◆ **DIRECTIONS FOR THIS TASK**: Repeat the following data exactly, omitting pictures.
──────── COLLECTED DATA ────────
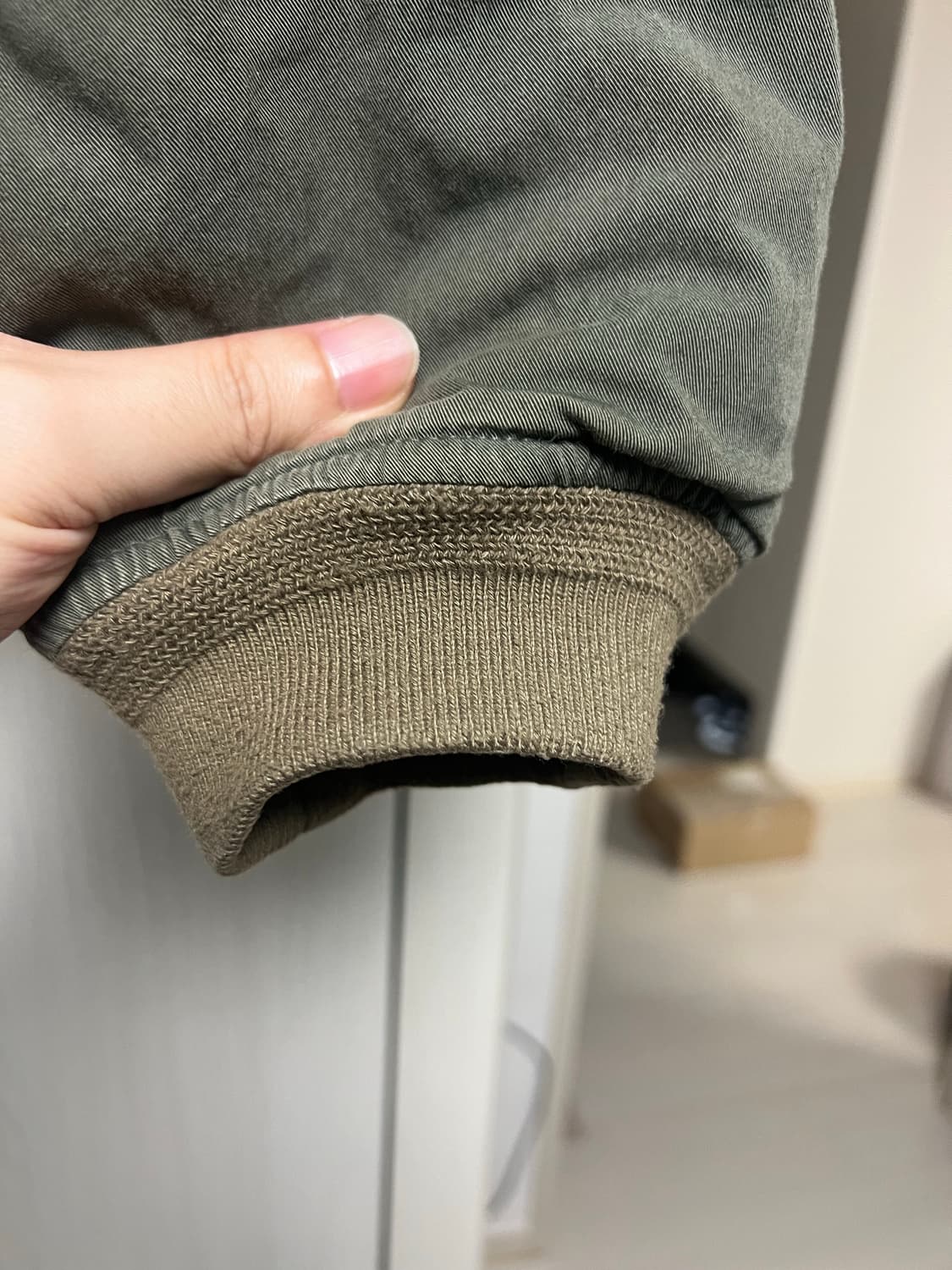 엔벨로프 봄버 올리브 2사이즈 상품이미지4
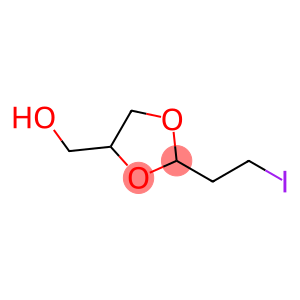 2-(2-iodoethyl)-1,3-dioxolane-4-methanol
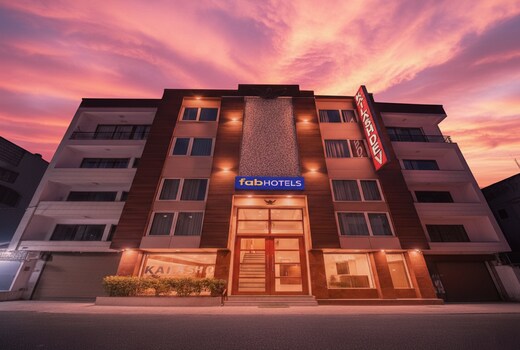 FabHotel The Kailash Dev - Nr. Adarsh Nagar Metro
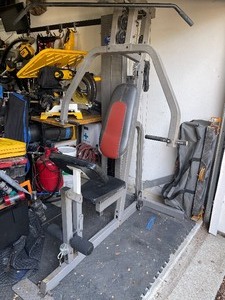 lot 197 image: REEBOK HOME GYM WEIGHT SYSTEM   SEE PICS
────────
◆ **RESPONSE AREA**:
 엔벨로프 봄버 올리브 2사이즈 상품이미지4
 2-(2-iodoethyl)-1,3-dioxolane-4-methanol
 FabHotel The Kailash Dev - Nr. Adarsh Nagar Metro
 lot 197 image: REEBOK HOME GYM WEIGHT SYSTEM   SEE PICS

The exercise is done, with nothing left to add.